MPs will not get to vote on how Brexit negotiations are handled but could still be asked to approve the "final" deal, a government source has said.
Several senior politicians, including ex-Labour leader Ed Miliband, have demanded Parliament gives its verdict on the UK's departure from the EU.
But Brexit Secretary David Davis told MPs there was a difference between "accountability and micro-management".
The UK's exit from the EU is expected to happen by summer 2019.
Theresa May is visiting Denmark and the Netherlands for Brexit-related talks as MPs debate the issue in the Commons.
The Leave campaign won a majority in June's referendum, with the prime minister announcing last week that the government would trigger Article 50 of the Lisbon Treaty - beginning formal negotiations between the UK and EU - by the end of March next year.
The process will take up to two years, involving complex debates about issues such as immigration and access to the European single market.
Mrs May's spokesman said: "Parliament is of course going to debate and scrutinise that process as it goes on. That is absolutely necessary and the right thing to do.
"But, having a second vote, or a vote to second-guess the will of the British people, is not an acceptable way forward."
However, a Downing Street source offered clarification to BBC assistant political editor Norman Smith, telling him that this did not necessarily rule out a parliamentary vote once "a final" deal is reached.
"This leaves open the possibility MPs could get a vote on the package eventually negotiated by Mrs May," our correspondent added.
The prime minister is visiting Denmark and the Netherlands for talks on "delivering Brexit". Her discussions with counterparts Lars Lokke Rasmussen and Mark Rutte come a week ahead of her first European Council meeting.
At a press conference with Mr Rasmussen in Copenhagen, Mrs May said: "We are not turning our backs on Europe. We want to maintain strong relationships with our European partners."
The UK would continue to "meet our various rights and obligations" until it left the EU, she added.
Mr Rasmussen said it was "tragic" that UK voters had decided in favour of Brexit, but he hoped for a "friendly divorce".

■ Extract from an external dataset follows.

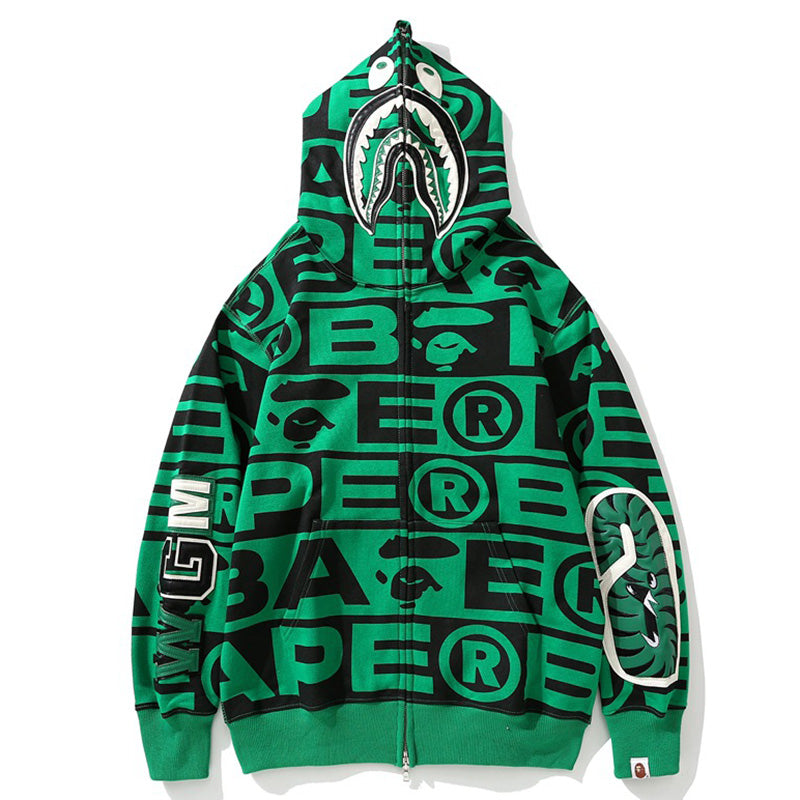 BAPE All-Over Logo Shark Zip Hoodie product view 3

Analysis by BBC political editor Laura Kuenssberg
There is an expectation that there will ultimately be votes on the agreement - with the prime minister's "Great Repeal Bill" and, at the end of the process, on the ultimate deal.

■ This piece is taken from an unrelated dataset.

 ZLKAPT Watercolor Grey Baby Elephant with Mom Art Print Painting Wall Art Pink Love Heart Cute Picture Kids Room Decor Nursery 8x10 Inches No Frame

But that is a long time away and, for many MPs, simply not good enough, when the process of negotiations will shape our relationship with the rest of the world for years to come.
And with no votes any time soon, there is also - so far - nothing on paper, nothing that fits into the prime minister's chosen template of Green Papers, White Papers, and then ultimately legislation.
But what if that was the plan? In recent days sources have told the BBC that the government was planning to produce a Green Paper this autumn with the broad outlines of its Brexit objectives.
One source said "we were told there would be one in October", and that the financial sector had been asked to provide "a data dump and a shopping list" by the end of last month in order to facilitate the process.
In a statement to MPs, Brexit Secretary David Davis said the Great Repeal Bill, overturning the 1972 European Communities Act, which allowed the UK to join the EU's predecessor, the European Economic Community, would be introduced in the next parliamentary session.
This, he said, would prevent a "black hole in the statute book", by keeping large amounts of legislation on a national basis when the UK is no longer subject to EU law.
Mr Davis reiterated the prime minister's promise not to provide a "running commentary" on the government's thinking.
But former Liberal Democrat leader Nick Clegg, now his party's EU spokesman, says the Commons had a "rightful role of scrutiny" at all stages of the Brexit decision-making process.
Former Labour leader Ed Miliband said MPs must have a say on the nature of the eventual Brexit deal.
He told the BBC's Victoria Derbyshire programme he did not want to reverse the result of June's referendum, but that details of negotiations should not be given through "briefings and leaks".
Parliament, as "the sovereign body of the people", should discuss plans, Mr Miliband said, as the referendum had not specified a "particular type of Brexit".
The SNP said there was confusion over the government's objectives. Its European Affairs spokesman Stephen Gethins said: "The ongoing splits in the cabinet, which are being played out in the media in a series of off-the-record briefings, are leaving more questions than answers, causing yet more alarm and uncertainty."
Conservative MP and former Attorney-General Dominic Grieve said the Commons had to be allowed to give its opinion, as this was a "very well-established constitutional convention" involving important treaties.
He added: "If a situation arises that the government at the end of the day is about to conclude a deal for the future of the United Kingdom which can't command parliamentary approval - or at least acquiescence - then it's perfectly obvious in those circumstances such a government wouldn't survive. I would have thought there would have to be an election."
Mrs May is due to to visit Madrid on Thursday for talks with Spanish counterpart Mariano Rajoy.